To finish the conversation about exotic fish poisoning, it is worth remembering a legendary Japanese Fugue fish. The fact is that with proper preparation of this fish, it is one of the most powerful stimulant of sexual potency. But if Fugue is prepared not properly - it becomes a deadly poison, and up to 300 people die in Japan each year.
And now the more common reasons fish can turn into harmful of a very useful product. Nutritionists usually present the highest claims to smoked fish, arguing it contains carcinogens (eg, benspiren) that trigger cancer. However, not all smoked fish is so harmful. In a kind of “risk rating” hot-smoked fish cooked on fire (especially thin-skinned) is on the first place, then - the one cooked in an industrial environment. The safest - thick-skinned fish of cold smoking.
Fish and diet
If you watch your figure, then meat should be replaced by fish. That is what you must have read in many articles about weight loss. That’s the way it is, but that’s just the thing is, what kind of fish you eat. Because some of its varieties can double pork as for calories! So it is good to know that fish is divided conventionally into three groups.Oily fish - is the one which includes no less than 8% fat. This group usually includes fatty herring, mackerel, sturgeon, halibut, eel, etc.). For example, caloric content of fat herring fluctuates around 210-250 kcal per 100 g, eel - about 230-280 kcal, fat mackerel - 180-220 kcal. And this despite the fact that caloric content of lean beef and pork is just 120 kcal!

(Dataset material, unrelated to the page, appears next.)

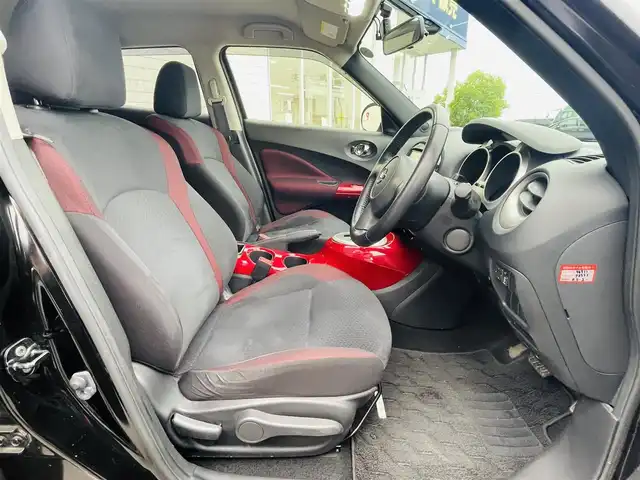 日産 ジューク 15RX アーバン スタイリッシュブラック 岡山県 2013(平25)年 10.3万km サファイアブラック (株)IDOMが運営する【じしゃロン岡山店】の自社ローン専用車両です。こちらは現金またはオートローンご利用時の価格です。 自社ローンご希望の方は別途その旨お申し付け下さい/＊純正ナビ（MM312D-W/＊バックカメラ/＊プッシュST/＊前側ドラレコ/＊ドアバイザー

Varieties of fish from the second group (average fat content of 4-8% fat) are a few more suitable for a diet. These include, for example, sea bass, tuna, perch, mackerel, salmon, trout, catfish, carp, low-fat herring. Their average caloric value is comparable with same meat. So in trout it is ranged from 110 to 160 kcal, low-fat herring - 120-140 kcal, carp - 90-120 kcal, perch and walleye - 110-120 Kcal, tuna - 130-140 kcal.

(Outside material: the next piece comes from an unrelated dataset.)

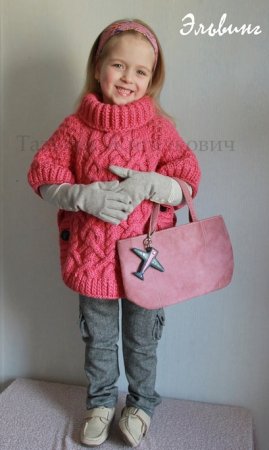 Вязание спицами для детей: схема пончо ярко-розовго для девочек в фото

And, finally, low-fat fish from the third group (with fat content not more than 4%) is suitable for those wishing to lose those extra pounds. These include cod, hake, saffron cod, ice, pollack, makrorus, river perch, lesch, flounder, ling, whiting, etc.). For example, caloric content of pike is 80-100 kcal, flounder - 80 kcal, and cod 70-90 kcal. Lose weight and stay healthy!